Required work - Each line starting at the one that contains "Item preview, The" and ending at the one that contains "Shilpa Shirodkar — Actress" must be returned exactly, and the rest of the listing is left out.

======== Exercise data ========

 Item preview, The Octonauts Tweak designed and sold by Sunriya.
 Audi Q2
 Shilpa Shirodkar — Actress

========
======== Exercise data ========

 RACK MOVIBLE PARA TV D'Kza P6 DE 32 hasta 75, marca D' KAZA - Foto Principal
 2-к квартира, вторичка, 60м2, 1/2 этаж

========

The completed task -
 Item preview, The Octonauts Tweak designed and sold by Sunriya.
 Audi Q2
 Shilpa Shirodkar — Actress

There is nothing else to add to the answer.